Caterina Fake, the cofounder of Flickr, stood on the America Innovates stage this month and laid out a blunt diagnosis: social media began as community building and has metastasized into a machine for harvesting personal data. Her appearance at the Forbes and America250 “America Innovates” event in San Francisco underscores that even Silicon Valley insiders are admitting the business model is broken.

Fake is hardly a random commentator — she helped invent one of the web’s first true communities and now invests in startups and serves on several boards, giving her a rare insider’s view of how platforms changed. That pedigree makes her warning all the more damning: when founders trade community for surveillance and ad-driven engagement, the public loses.

Conservative Americans have long warned that Big Tech’s chase for scale and ad dollars would erode privacy, warp incentives, and hollow out civil society. Hearing a pioneer like Fake acknowledge the shift from connection to extraction should be a clarion call: this isn’t just tech drama, it’s a civic problem that costs our families and communities dearly.

Washington and state capitals must stop treating tech as sacrosanct and start treating it like any other industry that can harm consumers and democracy when left unchecked. Republicans should lead with common-sense fixes that restore competition, enforce transparency, and protect user choice — not partisan censorship or handouts to incumbents. Stronger liability rules, clearer privacy standards, and easier paths for rivals and smaller innovators would return power to users and entrepreneurs alike.

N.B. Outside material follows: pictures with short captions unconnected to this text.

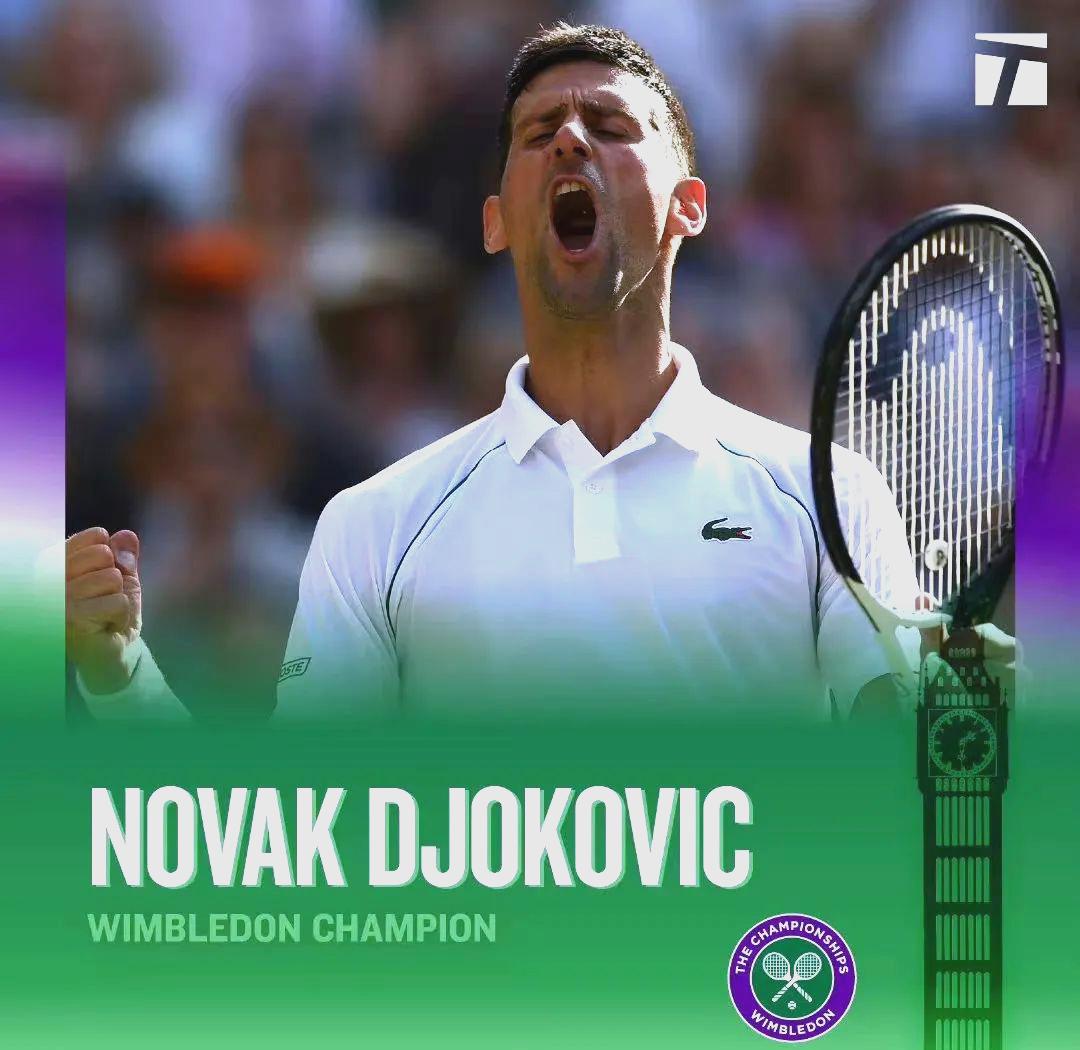 温网鏖战蒙特卡洛大师赛，德约科维奇扛起全队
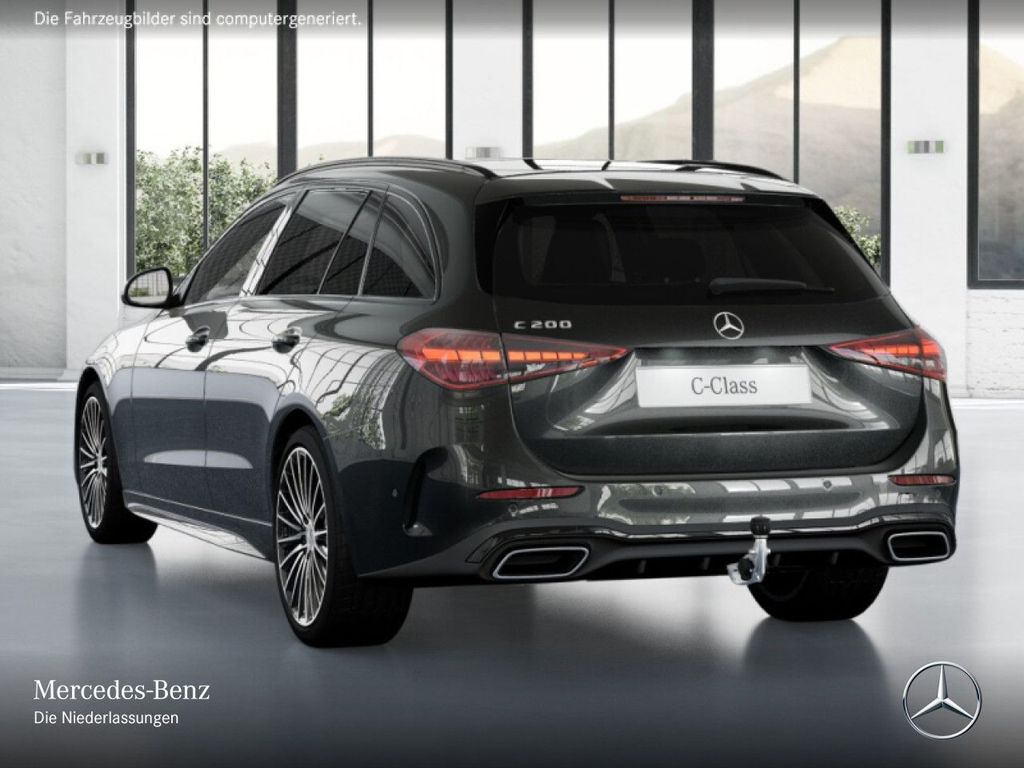 Mercedes-Benz C 200 2025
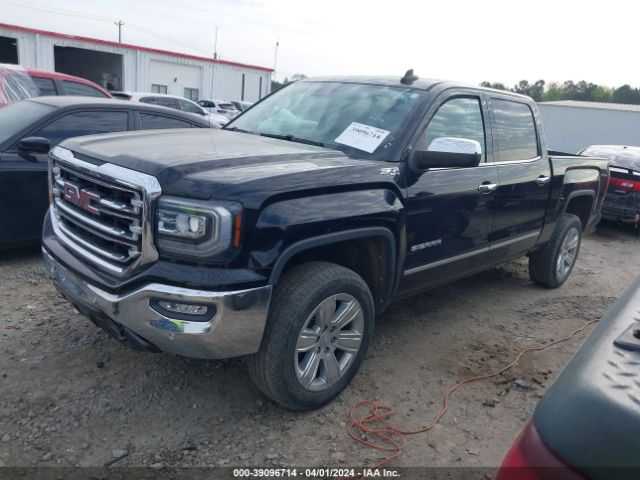 3GTU2NECXJG644419 GMC Sierra 1500 Slt
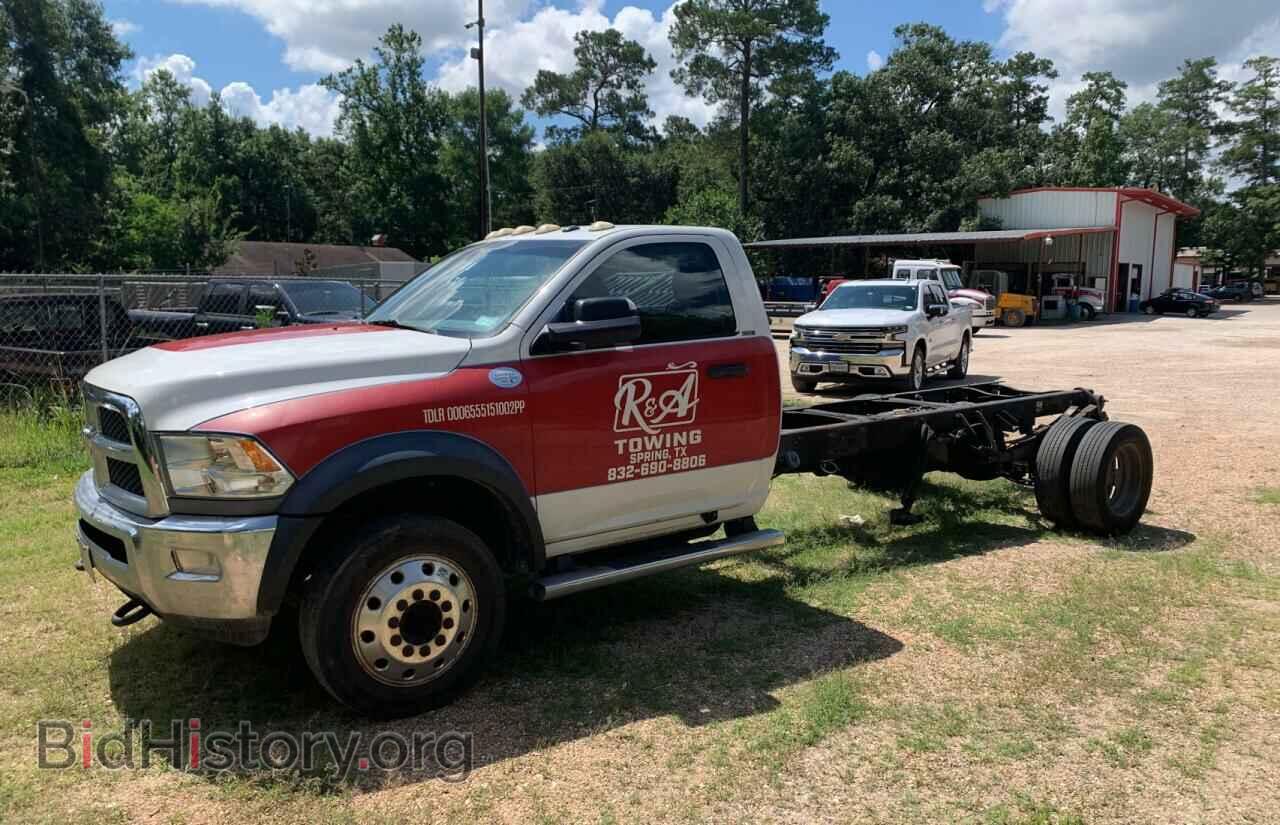 2014 RAM 5500 - VIN: 3C7WRMDL1EG127860 - Фото 2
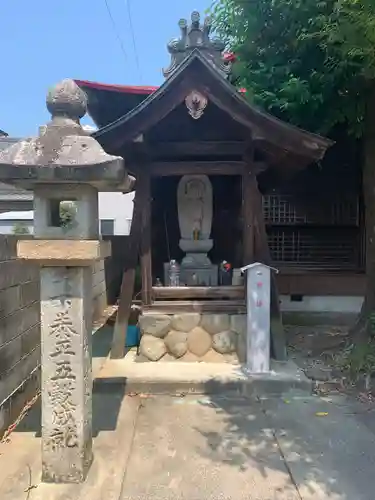 葛懸神社の末社・摂社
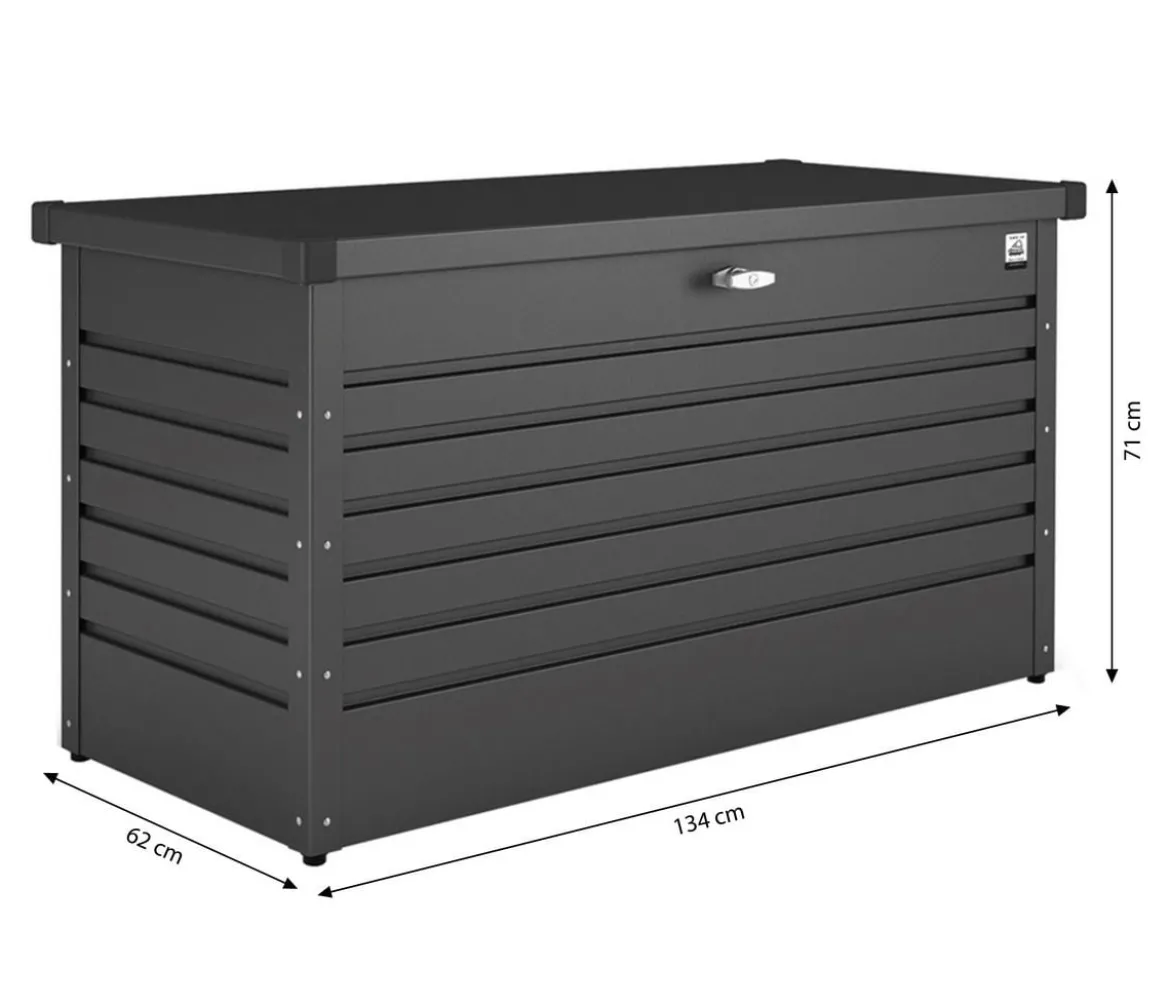 Biohort FreizeitBox 130, ca. B134/H71/T62 cm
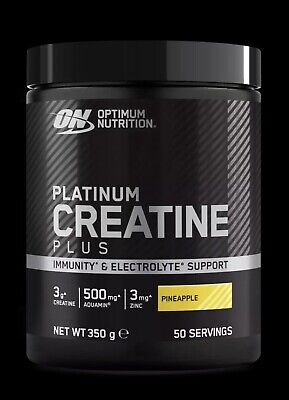 Optimum Nutrition Platinum Creatine 350g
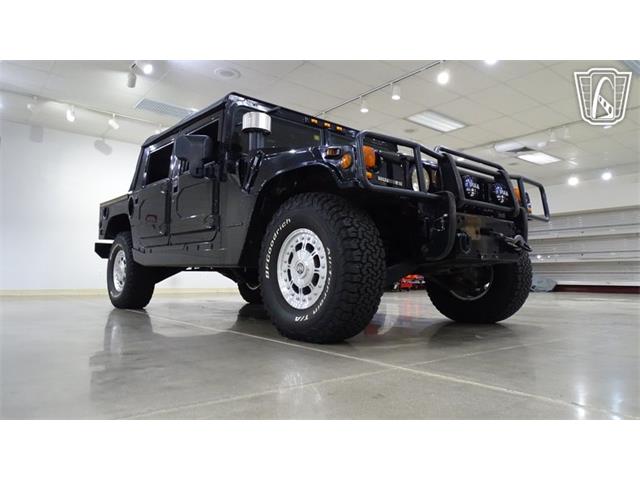 2001 AM General Hummer (CC-2116612) for sale in O'Fallon, Illinois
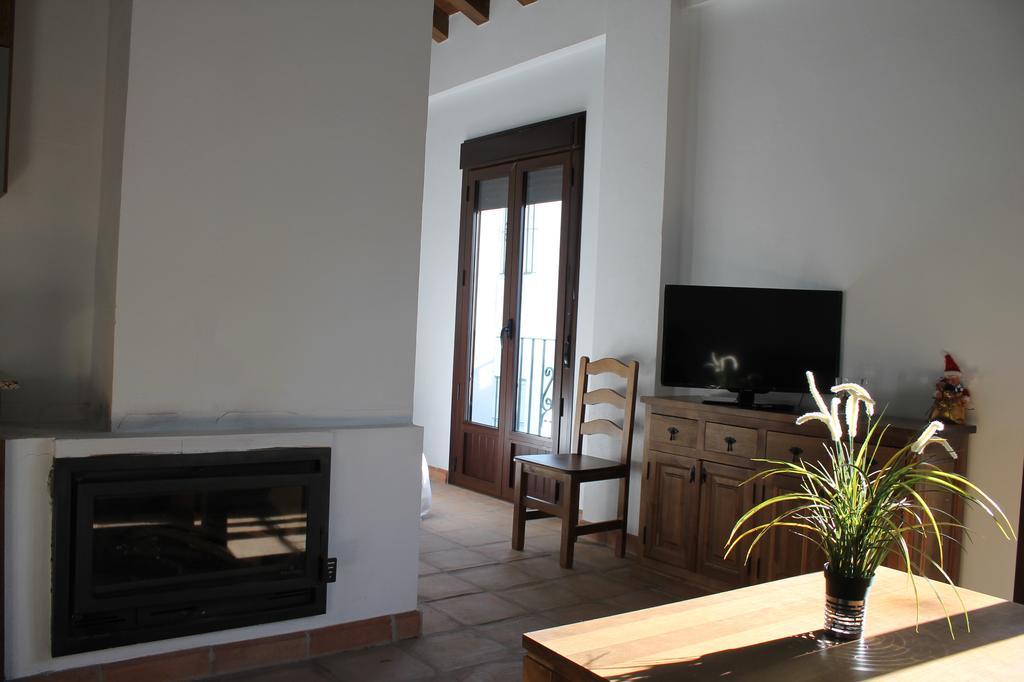 Apartamentos Real Fabrica Hojalata Júzcar Rom bilde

The answer isn’t relics of the past or heavy-handed technocracy; it’s unleashing market-based alternatives that value privacy and real community. Conservatives should champion subscription models, decentralized platforms, and user-first governance structures that reward product quality over surveillance advertising — because the free market works when it truly serves customers, not trackers.

This moment of clarity from a Silicon Valley founder is an opportunity for patriots who care about families, free speech, and free enterprise to act. Let’s hold Big Tech accountable, promote alternatives that rebuild neighborhood-level community online, and make sure the next generation inherits an internet that strengthens America instead of exploiting it.